4. As other rules make clear, unless otherwise ordered or agreed, parties seeking discovery must serve requests sufficiently far in advance of the end of the discovery period that the deadline for responding will be within the discovery period. The court may order a deadline for sending discovery requests in lieu of or in addition to a deadline for completing discovery.

5. Use of forms of discovery other than depositions and interrogatories, such as requests for disclosure, admissions, or production of documents, are not restricted in Levels 1 and 2. But depositions on written questions cannot be used to circumvent the limits on interrogatories.

6. The concept of “side” in Rule 190.3(b)(2) borrows from Rule 233, which governs the allocation of peremptory strikes, and from Fed. R. Civ. P. 30(a)(2). In most cases there are only two sides – plaintiffs and defendants. In complex cases, however, there may be more than two sides, such as when defendants have sued third parties not named by plaintiffs, or when defendants have sued each other. As an example, if P1 and P2 sue D1, D2, and D3, and D1 sues D2 and D3, Ps would together be entitled to depose Ds and others permitted by the rule (i.e., Ds’ experts and persons subject to Ds’ control) for 50 hours, and Ds would together be entitled to depose Ps and others for 50 hours. D1 would also be entitled to depose D2 and D3 and others for 50 hours on matters in controversy among them, and D2 and D3 would together be entitled to depose D1 and others for 50 hours.

7. Any matter listed in Rule 166 may be addressed in an order issued under Rule 190.4. A pretrial order under Rule 166 may be used in individual cases regardless of the discovery level.

8. For purposes of defining discovery periods, “trial” does not include summary judgment.

Comment to 2013 change: Rule 190 is amended to implement section 22.004(h) of the Texas Government Code, which calls for rules to promote the prompt, efficient, and cost-effective resolution of civil actions when the amount in controversy does not exceed $100,000. Rule 190.2 now applies to expedited actions, as defined by Rule 169. Rule 190.2 continues to apply to divorces not involving children in which the value of the marital estate is not more than $50,000, which are otherwise exempt from the expedited actions process. Amended Rule 190.2(b) ends the discovery period 180 days after the date the first discovery request is served; imposes a fifteen limit maximum on interrogatories, requests for production, and requests for admission; and allows for additional disclosures.

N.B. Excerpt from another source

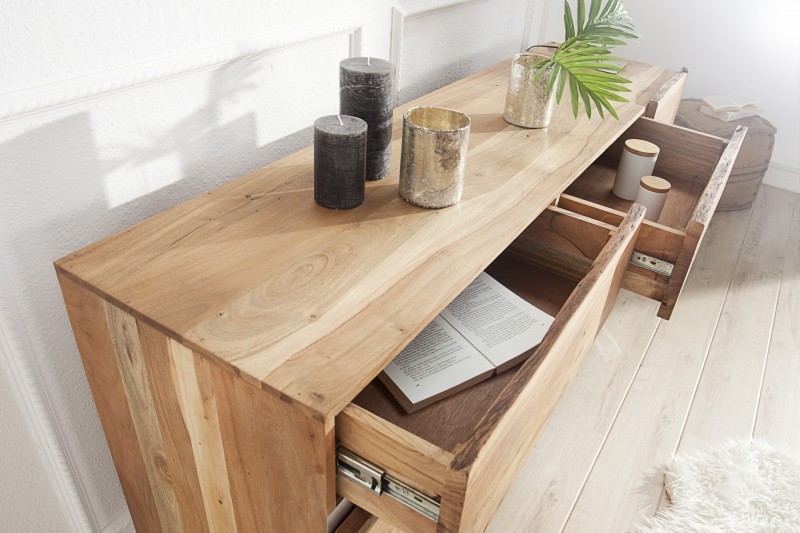 Buffet bas| La force du design, la douceur du foyer.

Although expedited actions are not subject to mandatory additional discovery under amended Rule 190.5, the court may still allow additional discovery if the conditions of Rule 190.5(a) are met.

Comment to 2021 change: Rule 190.2 is amended to implement section 22.004(h-1) of the Texas Government Code. Under amended Rule 190.2, Level 1 discovery limitations now apply to a broader subset of civil actions: expedited actions under Rule 169, which is also amended to implement section 22.004(h-1) of the Texas Government Code, and divorces not involving children in which the value of the marital estate is not more than $250,000. Level 1 limitations are revised to impose a twenty-hour limit on oral depositions. Disclosure requests under Rule 190.2(b)(6) and Rule 194 are now replaced by required disclosures under Rule 194, as amended. The discovery periods under Rules 190.2(b)(1) and 190.3(b)(1) are revised to reference the required disclosures.